With her trusty budget book in hand the Norman Gardens pensioner writes down every dollar she spends.
New figures show Rockhampton people are spending much more at the shops than other regional Queenslanders and our Brisbane counterparts.
While economists think this is positive, some residents aren't seeing this as a boost to the economy, but rather a sign we're forking out more for essentials.
According to figures released by the National Australia Bank (NAB), the average monthly Rocky spend per customer for the December quarter was $2101.
This is $125 a month more than the regional average and more than $30 above Brisbane.
The figure represented a 0.7% increase on the previous quarter, providing belief confidence is returning to the region's economy.
Ms Darr said she was surprised we're spending more monthly as she thought supermarket prices "would be the same here as down in Brisbane”.

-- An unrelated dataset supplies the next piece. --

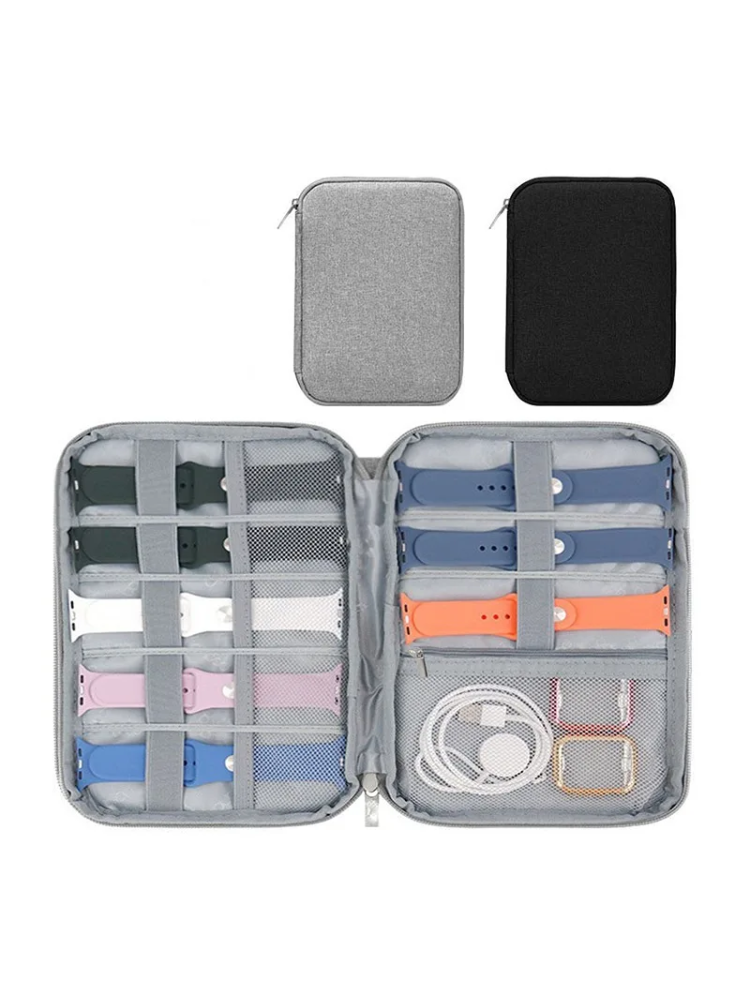 Watchband Bag For Apple Watch  - Watch Smartwatch ulasan dan harga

Despite this, Ms Darr said she believed the price of petrol in the region was one of the reasons we're forking out more than our capital city.
"Petrol is huge, I believe that there's a monopoly here,” Ms Darr said.
"I believe that service stations are owned by a few people or a couple of companies and they put whatever price they want so there's no competition.”
Ms Darr said she has "to be very careful” with her modest pension and meticulously writes down everything she pays for.
"If I shout myself lunch, I'll write that down,” Ms Darr said.
"That's how I have to do it... I don't have enough money to stretch.”
In Gladstone the average monthly spend for the quarter was considerably less than ours at $2001, although they have experienced a negative growth of 3.7%.
Further north in Mackay, shoppers spent $2102 - the area has experienced a growth of 0.9%.
Frenchville woman Julia Fuller said she wasn't surprised by Rocky residents spending more monthly than those in the city due to the remote location.
After paying for essentials, Ms Fuller, who is originally from the UK, said she doesn't have money left to spend on entertainment "because there's not money left over to do it”.
The December quarter data comes as the Chamber of Commerce and Industry Queensland (CCIQ) yesterday released a report showing confidence in small business had reached a three year high.
CCIQ state manager of advocacy Kate Whittle said Regional Queensland was experiencing increased confidence in economic conditions on the back of a positive Christmas period.
"Regional analysis highlights that while economic conditions continue to be experienced disproportionately across Queensland, the Sales and Revenue Index is strengthening in both south-east and regional Queensland, for the first time since December 2000,” Ms Whittle said.
"While optimism surrounding improved labour market conditions appears to be isolated to south-east Queensland, there is still a significant proportion of regional businesses that indicated an increase in job vacancies across the past three months was driving their confidence in overall economic conditions.”
During the 2016 Christmas period, $0.49 billion was spent in Fitzroy and $0.42 billion in Mackay - $2.75 billion of the $9.2 billion overall for the state came from regional Queensland.